Friday, May 31, 2019
The Delaware Court of Chancery has ruled that plaintiffs suing Facebook established a basis to inspect records relating to compliance with a consent decree
In July 2018, Facebook, Inc. (“Facebook” or the “Company”) experienced one of the sharpest single-day market value declines in history when its stock price dropped 19%, wiping out approximately $120 billion of shareholder wealth. This unprecedented misfortune followed news reports that, in 2015, the private data of 50 million Facebook users had been poached by Cambridge Analytica, a British political consulting firm.
Facebook did not disclose this security breach to its users upon discovery or at any time thereafter.

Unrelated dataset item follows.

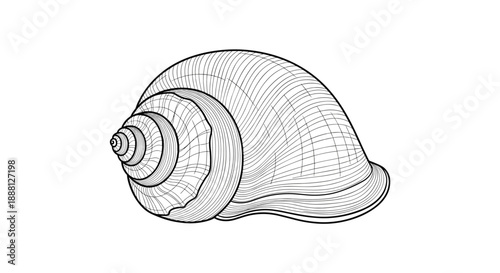 Intricate line art illustration of a snail shell with detailed spiral patterns and textures is isolated on a white background for art.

Users first learned of the breach when they read or heard about it in the news.
At the time of the Cambridge Analytica breach, Facebook was subject to a consent decree entered by the Federal Trade Commission (the “FTC”) in 2011 (the “Consent Decree”) after the FTC determined that the Company’s data privacy measures were not protecting users’ private information. Among other things, the Consent Decree required Facebook to implement more robust and verifiable data security protocols.
Soon after news of the Cambridge Analytica breach broke, reports surfaced that Facebook’s business model included incentives to monetize its users’ data without their consent. These reports were followed by news that the FTC, Federal Bureau of Investigation (“FBI”), Securities and Exchange Commission (“SEC”), Department of Justice (“DOJ”), European Information Commissioner’s Office (“ICO”) and other European authorities had all opened investigations into Facebook’s data privacy practices.

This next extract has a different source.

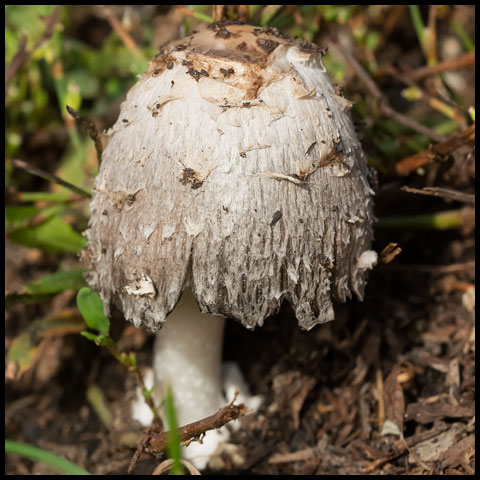 Shaggy Mane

On April 11, 2018, Plaintiff, Construction and General Building Laborers’ Local No. 79 General Fund (“Local No. 79”),served a demand to inspect Facebook’s books and records (the “Demand”) under Section 220 of the Delaware General Corporation Law (“Section 220”). As required by statute, Local No. 79 stated that its purpose for inspection was to “investigate and assess the actual and potential wrongdoing, mismanagement, and breaches of fiduciary duties by the members of the Company's Board” in connection with the data privacy breaches and “to investigate the independence and disinterestedness” of the Company’s directors. In response, Facebook produced about 1,700 pages of significantly redacted books and records.

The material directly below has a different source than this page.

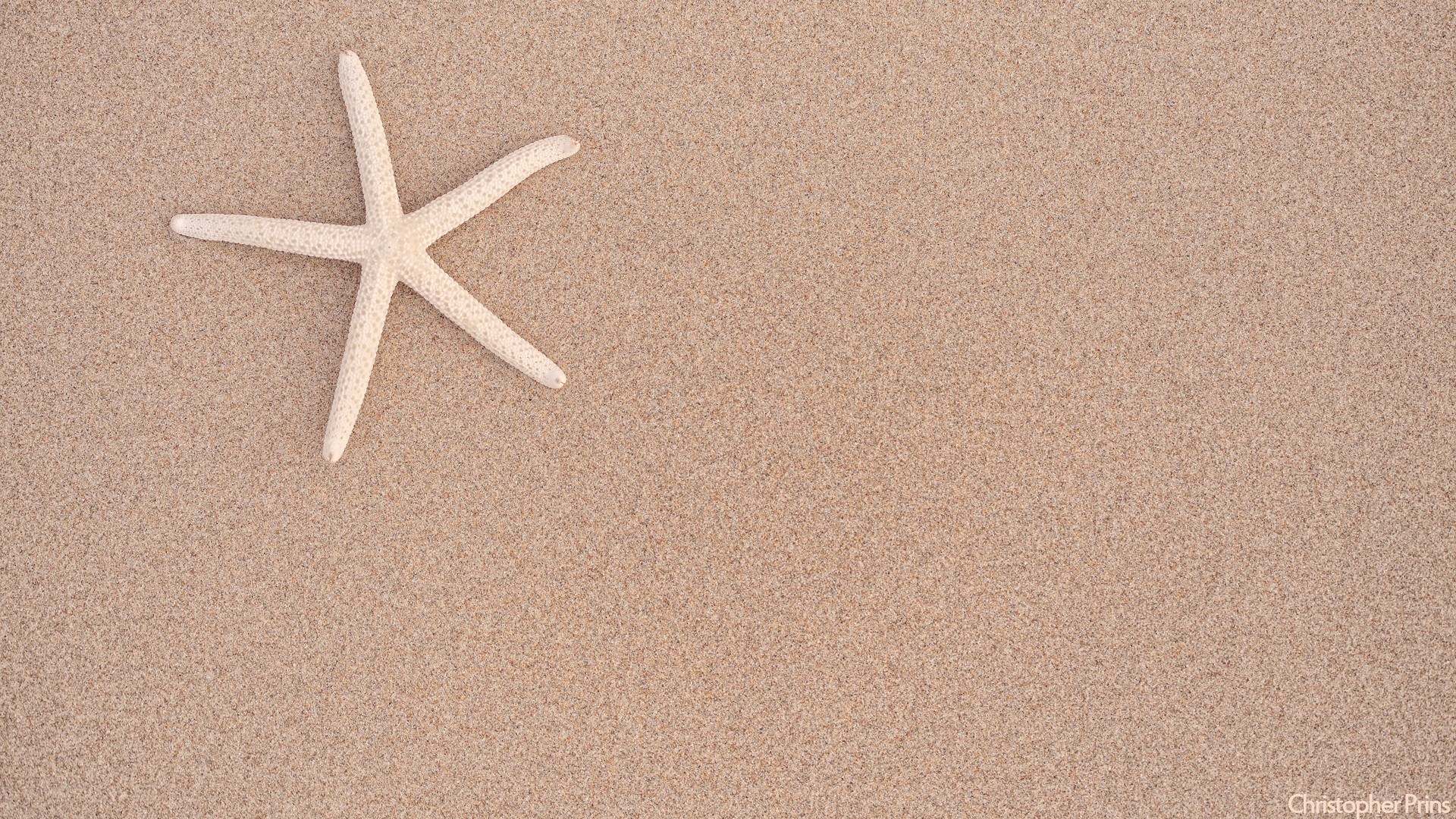 starfish on sandy beach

Negotiations over access broke down and suit was filed
Facebook asserted the Complaint failed to plead a credible basis to infer that Facebook’s directors breached their duty of oversight, or any other aspect of their fiduciary duties, because the Cambridge Analytica breach resulted from the unanticipated acts of third parties who had managed to compromise Facebook’s existing (and adequate) data privacy systems.
In the wake of the Consent Decree, Facebook was under a positive obligation to take specific steps to protect its users’ private data. That obligation was firmly in place at the time of the Cambridge Analytica breach. Delaware courts traditionally have viewed stockholder allegations that a board failed to oversee the company’s obligation to comply with positive law, or positive regulatory mandates, more favorably in the Caremark paradigm than allegations that a board failed to oversee the company’s efforts generally to avoid business risk. Plaintiffs have presented “some evidence” that the Board failed to oversee Facebook’s compliance with the Consent Decree resulting in unauthorized access to its users’ private data and attendant consequences to the Company. In other words, Plaintiffs have sustained their minimal burden to demonstrate a credible basis of wrongdoing justifying the inspection of certain of the Company’s books and records.